Few places do tradition like Westminster. For the past three years, politicos had a new ritual. Just before 8.30am – and it had to be just before, to arrive in time for the first Downing Street meeting of the day – Benedict Brogan’s Morning Briefing would land in in-boxes.
When the email began, it was circulated to 500 of Benedict’s political contacts. By the time he left the Daily Telegraph on 18 June, the number of subscribers had grown to 25,000. Yet the email’s importance lay in who read it: there were 50 subscribers in No 10 alone.
If the impression was of a well-oiled machine, the truth was very different. For a year from last May, I worked with Benedict on his briefing. To the BBC’s Daily Politics show, which did a feature on the email, I was his “little slave”. Every morning presented a battle against capricious alarm clocks, sleep deprivation, dodgy phone signal and lousy IT software.
My day would begin at 5am, as I stumbled out of bed, and seven minutes later – I learned to savour every possible minute of sleep – into a cab bound for the Telegraph’s offices in Victoria.
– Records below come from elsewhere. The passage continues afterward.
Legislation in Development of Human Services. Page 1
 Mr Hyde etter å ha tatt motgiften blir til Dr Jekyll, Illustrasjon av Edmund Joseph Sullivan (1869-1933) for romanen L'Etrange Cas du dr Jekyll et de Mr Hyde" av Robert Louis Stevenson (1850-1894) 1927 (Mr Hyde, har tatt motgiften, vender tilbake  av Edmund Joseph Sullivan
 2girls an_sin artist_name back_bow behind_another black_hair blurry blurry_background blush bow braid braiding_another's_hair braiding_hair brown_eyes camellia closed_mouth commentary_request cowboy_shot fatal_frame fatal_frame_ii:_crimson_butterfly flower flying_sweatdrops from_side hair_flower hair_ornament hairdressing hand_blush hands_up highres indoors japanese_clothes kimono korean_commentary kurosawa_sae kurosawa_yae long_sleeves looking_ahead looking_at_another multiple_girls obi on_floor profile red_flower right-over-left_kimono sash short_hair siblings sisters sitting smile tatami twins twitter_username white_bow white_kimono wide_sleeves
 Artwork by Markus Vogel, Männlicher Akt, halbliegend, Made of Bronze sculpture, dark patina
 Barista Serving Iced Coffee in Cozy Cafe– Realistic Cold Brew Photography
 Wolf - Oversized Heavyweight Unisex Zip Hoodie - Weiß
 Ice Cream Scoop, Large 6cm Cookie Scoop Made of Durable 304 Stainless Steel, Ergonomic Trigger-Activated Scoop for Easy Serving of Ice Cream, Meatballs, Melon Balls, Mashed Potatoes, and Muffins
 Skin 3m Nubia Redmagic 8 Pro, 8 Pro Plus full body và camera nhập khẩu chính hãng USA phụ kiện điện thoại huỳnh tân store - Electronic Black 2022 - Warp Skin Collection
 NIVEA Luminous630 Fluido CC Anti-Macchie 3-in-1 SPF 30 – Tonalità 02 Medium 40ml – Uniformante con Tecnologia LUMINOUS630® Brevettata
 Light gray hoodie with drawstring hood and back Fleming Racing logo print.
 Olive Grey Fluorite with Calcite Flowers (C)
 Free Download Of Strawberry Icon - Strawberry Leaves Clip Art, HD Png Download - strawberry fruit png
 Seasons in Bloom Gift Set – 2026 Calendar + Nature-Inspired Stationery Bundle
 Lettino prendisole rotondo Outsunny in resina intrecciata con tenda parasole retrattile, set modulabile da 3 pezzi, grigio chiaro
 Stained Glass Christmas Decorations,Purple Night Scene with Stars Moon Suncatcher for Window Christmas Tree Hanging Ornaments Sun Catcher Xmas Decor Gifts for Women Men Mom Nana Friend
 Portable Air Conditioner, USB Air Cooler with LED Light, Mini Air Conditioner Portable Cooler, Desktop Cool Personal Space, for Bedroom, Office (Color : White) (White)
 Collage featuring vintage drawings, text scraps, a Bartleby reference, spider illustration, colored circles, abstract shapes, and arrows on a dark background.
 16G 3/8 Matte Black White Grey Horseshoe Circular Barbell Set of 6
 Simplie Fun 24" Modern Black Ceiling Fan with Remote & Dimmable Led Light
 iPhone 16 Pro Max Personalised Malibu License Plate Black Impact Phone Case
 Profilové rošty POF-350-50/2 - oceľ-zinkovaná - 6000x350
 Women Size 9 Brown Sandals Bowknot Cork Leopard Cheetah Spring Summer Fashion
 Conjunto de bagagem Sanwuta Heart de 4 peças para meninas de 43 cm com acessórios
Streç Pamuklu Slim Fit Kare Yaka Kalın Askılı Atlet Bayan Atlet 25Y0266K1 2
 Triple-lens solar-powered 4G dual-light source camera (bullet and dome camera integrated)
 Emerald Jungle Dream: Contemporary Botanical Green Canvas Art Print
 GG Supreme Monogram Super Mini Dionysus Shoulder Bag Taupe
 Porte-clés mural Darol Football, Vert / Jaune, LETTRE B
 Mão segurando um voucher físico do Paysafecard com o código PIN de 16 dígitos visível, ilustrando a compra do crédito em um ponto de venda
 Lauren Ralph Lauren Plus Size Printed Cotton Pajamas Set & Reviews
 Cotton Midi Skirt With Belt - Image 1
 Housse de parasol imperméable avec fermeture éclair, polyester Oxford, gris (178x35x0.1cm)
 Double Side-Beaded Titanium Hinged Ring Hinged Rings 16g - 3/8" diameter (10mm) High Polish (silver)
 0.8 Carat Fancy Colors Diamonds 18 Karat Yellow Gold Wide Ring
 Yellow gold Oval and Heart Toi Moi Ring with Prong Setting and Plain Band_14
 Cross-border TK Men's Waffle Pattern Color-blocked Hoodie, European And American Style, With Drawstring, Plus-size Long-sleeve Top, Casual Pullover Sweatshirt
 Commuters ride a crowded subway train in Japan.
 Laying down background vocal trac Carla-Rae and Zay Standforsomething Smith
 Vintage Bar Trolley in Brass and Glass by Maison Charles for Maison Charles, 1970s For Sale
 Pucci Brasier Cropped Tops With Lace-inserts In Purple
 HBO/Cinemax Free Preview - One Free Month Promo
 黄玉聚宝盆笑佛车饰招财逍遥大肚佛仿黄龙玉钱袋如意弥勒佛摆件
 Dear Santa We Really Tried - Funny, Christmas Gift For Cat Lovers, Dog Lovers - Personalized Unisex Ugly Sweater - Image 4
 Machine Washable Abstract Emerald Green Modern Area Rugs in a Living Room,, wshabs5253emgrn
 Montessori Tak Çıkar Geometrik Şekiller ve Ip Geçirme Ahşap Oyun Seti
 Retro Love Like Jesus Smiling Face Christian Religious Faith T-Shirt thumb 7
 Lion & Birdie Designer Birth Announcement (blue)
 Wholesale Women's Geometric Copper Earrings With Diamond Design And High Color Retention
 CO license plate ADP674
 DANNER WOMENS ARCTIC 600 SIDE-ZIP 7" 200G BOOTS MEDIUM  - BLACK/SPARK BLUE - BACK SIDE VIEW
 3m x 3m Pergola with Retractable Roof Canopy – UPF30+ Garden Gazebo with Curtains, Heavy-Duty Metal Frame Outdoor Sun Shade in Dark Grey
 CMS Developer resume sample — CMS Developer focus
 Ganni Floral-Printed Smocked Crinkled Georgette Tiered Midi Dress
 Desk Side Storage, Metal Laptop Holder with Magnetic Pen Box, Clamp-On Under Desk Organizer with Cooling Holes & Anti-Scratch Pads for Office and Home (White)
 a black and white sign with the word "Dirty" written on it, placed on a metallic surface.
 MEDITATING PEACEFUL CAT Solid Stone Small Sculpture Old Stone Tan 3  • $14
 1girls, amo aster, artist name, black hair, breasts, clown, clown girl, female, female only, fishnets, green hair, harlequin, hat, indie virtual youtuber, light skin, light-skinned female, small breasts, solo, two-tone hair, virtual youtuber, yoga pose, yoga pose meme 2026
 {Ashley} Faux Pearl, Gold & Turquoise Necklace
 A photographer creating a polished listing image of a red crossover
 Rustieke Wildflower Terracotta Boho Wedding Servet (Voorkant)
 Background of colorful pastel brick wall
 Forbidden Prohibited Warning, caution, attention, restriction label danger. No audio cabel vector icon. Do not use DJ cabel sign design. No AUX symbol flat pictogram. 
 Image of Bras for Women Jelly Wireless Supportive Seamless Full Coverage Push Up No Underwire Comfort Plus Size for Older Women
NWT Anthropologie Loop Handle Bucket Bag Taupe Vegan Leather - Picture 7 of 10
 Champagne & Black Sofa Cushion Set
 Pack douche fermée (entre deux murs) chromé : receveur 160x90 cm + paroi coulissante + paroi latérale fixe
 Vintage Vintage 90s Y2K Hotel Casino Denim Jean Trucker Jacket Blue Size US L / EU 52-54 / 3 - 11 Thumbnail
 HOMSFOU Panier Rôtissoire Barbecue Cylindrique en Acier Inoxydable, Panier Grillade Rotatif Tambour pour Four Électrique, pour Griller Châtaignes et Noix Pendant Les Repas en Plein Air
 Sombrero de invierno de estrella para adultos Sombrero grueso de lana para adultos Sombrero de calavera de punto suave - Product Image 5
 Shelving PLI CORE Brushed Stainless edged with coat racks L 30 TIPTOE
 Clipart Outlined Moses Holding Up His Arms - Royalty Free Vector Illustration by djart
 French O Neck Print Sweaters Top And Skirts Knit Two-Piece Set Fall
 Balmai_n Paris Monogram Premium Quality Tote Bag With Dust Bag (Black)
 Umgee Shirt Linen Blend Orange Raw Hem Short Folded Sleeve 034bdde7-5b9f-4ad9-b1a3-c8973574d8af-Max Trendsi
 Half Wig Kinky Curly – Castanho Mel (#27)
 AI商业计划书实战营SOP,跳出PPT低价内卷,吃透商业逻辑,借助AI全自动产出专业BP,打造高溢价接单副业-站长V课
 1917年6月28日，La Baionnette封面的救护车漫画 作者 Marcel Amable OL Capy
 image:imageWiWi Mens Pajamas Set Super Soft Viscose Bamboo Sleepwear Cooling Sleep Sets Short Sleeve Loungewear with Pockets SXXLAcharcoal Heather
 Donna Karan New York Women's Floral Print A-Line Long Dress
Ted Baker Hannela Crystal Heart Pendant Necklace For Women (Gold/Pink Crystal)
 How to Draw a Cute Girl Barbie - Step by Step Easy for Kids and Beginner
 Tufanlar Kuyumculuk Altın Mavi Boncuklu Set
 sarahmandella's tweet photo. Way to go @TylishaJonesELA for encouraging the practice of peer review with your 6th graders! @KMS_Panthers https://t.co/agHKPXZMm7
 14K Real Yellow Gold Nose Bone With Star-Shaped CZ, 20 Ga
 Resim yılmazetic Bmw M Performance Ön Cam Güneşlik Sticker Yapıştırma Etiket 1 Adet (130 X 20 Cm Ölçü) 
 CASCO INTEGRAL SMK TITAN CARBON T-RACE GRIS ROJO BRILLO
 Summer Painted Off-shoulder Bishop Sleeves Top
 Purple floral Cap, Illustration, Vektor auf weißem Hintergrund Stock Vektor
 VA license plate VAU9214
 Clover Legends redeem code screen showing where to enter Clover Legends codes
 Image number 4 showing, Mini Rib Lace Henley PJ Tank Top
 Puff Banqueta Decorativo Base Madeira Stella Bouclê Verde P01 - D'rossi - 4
I was met by a bundle of morning papers, which passed for company in an otherwise deserted office.
A little after 6am came my first human contact when Benedict and I discussed, usually by email, the most important stories of the day. While waiting for him to punch out the top items on his BlackBerry as he took his daughter to school on the number 344 bus, I wrote the smaller news items, in between wrestling with the software’s infuriating penchant for making all the text bold.
As my stint on the briefing progressed, I honed my ability to mimic Benedict’s style, coming to treasure his idiosyncrasies – Tony Blair was always “Mr Tony”, Ed Miliband was “Mili E” – as my own. We even had the same taste in holidays: we both went to Hvar in August, though, mercifully, not at the same time.
Above all, I learned never to be surprised when something went wrong. Simply waking up was the first obstacle. On several occasions when my alarm clock failed, there might never have been a briefing had it not been for the cab driver ringing the doorbell. (My mum was less grateful for his persistence.)
Even Benedict was not immune to finding the hours a challenge. One morning during the Liberal Democrat conference, I didn’t hear from him until almost 8am; he confessed to having had a whisky too many. But because he had written a column for the day’s paper I was well briefed on his thoughts.
Unreliable phone signal, in places from Afghanistan to the south of France, was another challenge posed by Benedict’s onerous schedule. Particularly problematic was his trip to China with George Osborne, when he feared (correctly, it turned out) that his computer had been bugged. Not that this stopped him filing despatches by BlackBerry.
It was gratifying to learn that our efforts were noticed. Ed Miliband’s leading adviser, Stewart Wood, was among those most inclined to take issue with the email’s wording, frequently voicing his displeasure within minutes of receiving the briefing. Mili E may claim that he doesn’t follow the day-to-day news but his team does. The daily emails and tweets from politicians looking to influence the briefing affirmed its clout.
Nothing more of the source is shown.